Di don Luigi Ciotti il . L'analisi

La vera forza delle mafie sta fuori dalle mafie. C’è, nel nostro paese, un’illegalità diffusa che non va confusa con le mafie, ma delle mafie rappresenta spesso la premessa. Per questo Libera ha raccolto più di 1 milione di  firme contro la corruzione. È inaccettabile che sia stato firmato ma non ancora ratificato, reso operativo, il trattato europeo di Strasburgo del 1999. Corruzione significa 60 miliardi di euro sottratti ogni anno ai servizi sociali, alla scuola, al lavoro, alla sanità, cioè alle basi stesse della democrazia.

Parlare solo di mafie allora davvero non basta più. Scrivo queste parole dalla Puglia, terra di Renata Fonte e di Francesco Morcone, vittime di mafia.
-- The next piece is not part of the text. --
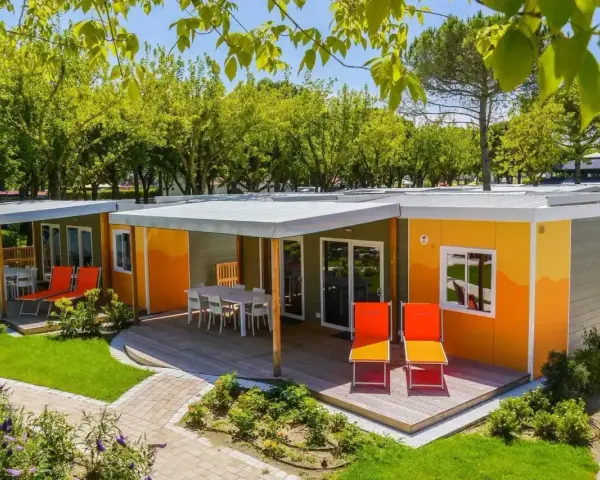 Kolorowe domki na kempingu, z tarasami i leżakami, otoczone zielenią. Prawdziwy camping garden paradiso!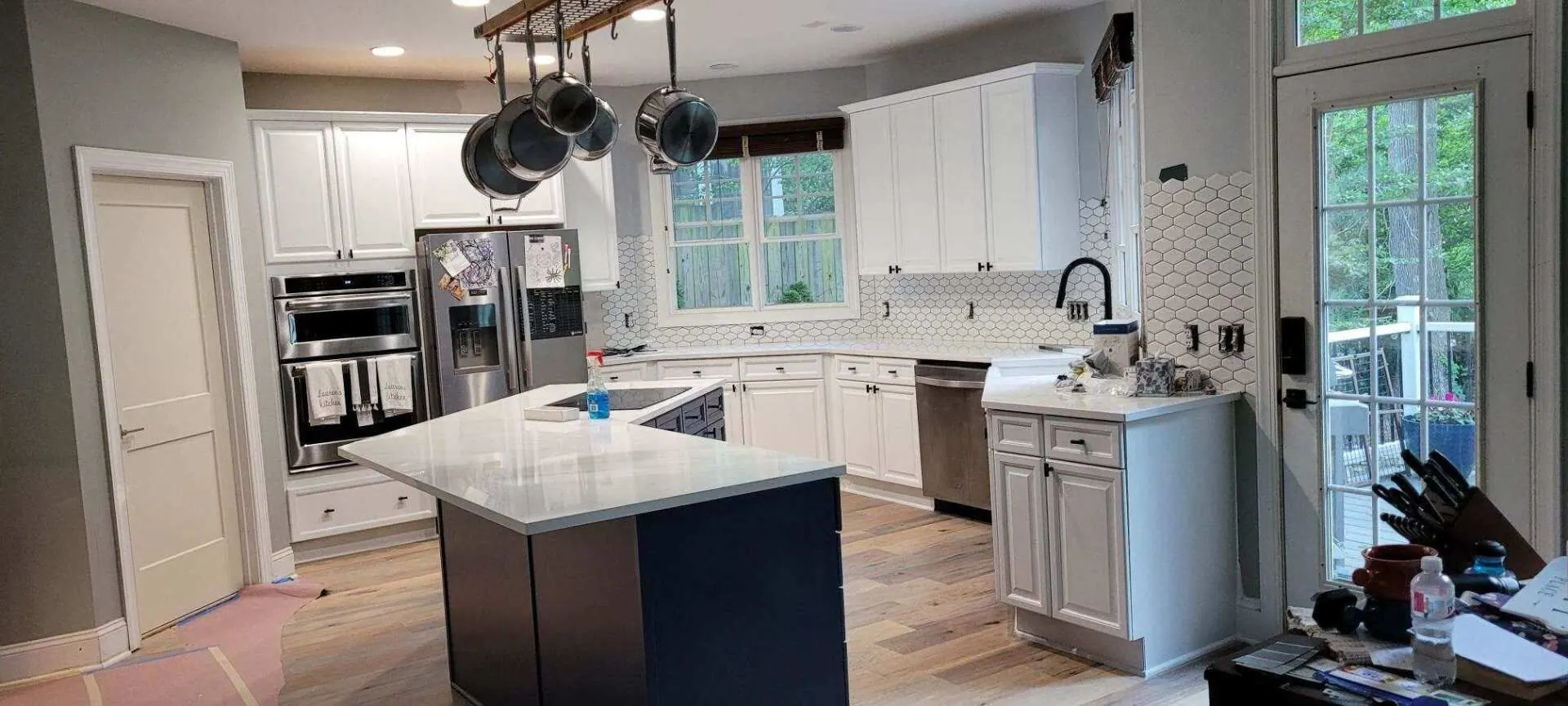 White cabinetry and a dark island in a finished kitchen near Denver, NC, with a hanging pot rack.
La loro memoria vive nella speranza di verità dei famigliari, nel loro e nel nostro impegno per la giustizia. Ma non può essere giustizia quella “sequestrata” dagli interessi di pochi, alla ricerca non della verità ma di stratagemmi per soffocarla. Non è giustizia quella nascosta dietro riforme che hanno il chiaro obbiettivo di sottomettere la magistratura al potere politico, di annullare l’uguaglianza dei cittadini di fronte alla legge. Non è giustizia quella incapace di tutelare l’ambiente, nostro primo patrimonio comune, e ancora non prevede i reati ambientali nel codice penale. Fa il gioco delle mafie ogni legge o comportamento che mette l’interesse privato davanti al bene pubblico, così come le favorisce la debolezza della politica. Sono un segno di speranza anche per noi quei popoli che oggi cercano di rialzare la testa, di riscattarsi da decenni di oppressione, diseguaglianze e bugie. Eppure in Italia e in Europa c’è chi – dopo aver taciuto e fatto affari con le dittature a cui oggi si oppone – si preoccupa soprattutto di presidiare le frontiere agitando lo spettro di “invasioni barbariche”.
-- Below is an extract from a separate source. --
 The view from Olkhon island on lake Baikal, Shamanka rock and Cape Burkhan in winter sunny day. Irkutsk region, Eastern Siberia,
I migranti non possono diventare il capro espiatorio delle nostre ingiustizie e disuguaglianze. Il nostro Paese è, in Europa, quello che negli ultimi anni, ha visto la maggiore divaricazione fra povertà e ricchezza, salari e profitti. Invece di invertire la rotta, lasciamo che siano i più deboli a farne le spese. Dal 2008 c’è stato un taglio ai fondi per le politiche sociali di oltre 2 miliardi di euro. Alla lotta alla povertà si è preferita la meno onerosa – e più redditizia sul piano del consenso – lotta ai poveri. Il “sociale” continua così a diminuire a favore del penale. A farne le spese sono anche le nuove generazioni. Non penso solo al problema del lavoro – un giovane su tre, in Italia, non lo trova – ma anche e soprattutto ai tagli all’istruzione. Il grado di consapevolezza e “coscienza critica” dei cittadini è il primo indicatore di democrazia. E questa consapevolezza la si costruisce attraverso l’educazione, gli strumenti culturali, un’informazione che risponde all’etica e non ai potenti di turno.

Il cambiamento non ha bisogno solo di leggi, di scelte politiche, ma comincia da comportamenti più attenti e responsabili da parte di ognuno. La democrazia è incompatibile con la pigrizia, l’adesione formale, il disinteresse o l’indifferenza. La democrazia ci chiede ogni giorno di costruire la storia del nostro paese e della nostra comunità.  Anche il contrasto al crimine organizzato comincia da qui. Da un impegno collettivo e concreto per l’uguaglianza, i diritti, il lavoro, la cultura, l’informazione libera, la politica come servizio al bene comune. In una società capace di questo, la corruzione e le mafie non avrebbero più spazio.

La nostra bussola, in questo percorso, resta la memoria di chi ha messo la sua vita e le sue speranze al servizio del bene di tutti. Quelle delle vittime delle mafie sono memorie scomode, che ci sollecitano ogni giorno dell’anno. Persone come Renata Fonte e Francesco Morcone – lo abbiamo sottolineato lo scorso 19 marzo a Potenza e poi il 21 in tante piazza d’Italia  nella sedicesima «Giornata della memoria e dell’impegno» – non sono morte per essere ricordate, ma perché credevano in un ideale di giustizia che sta a noi raccogliere e vivere fino in fondo.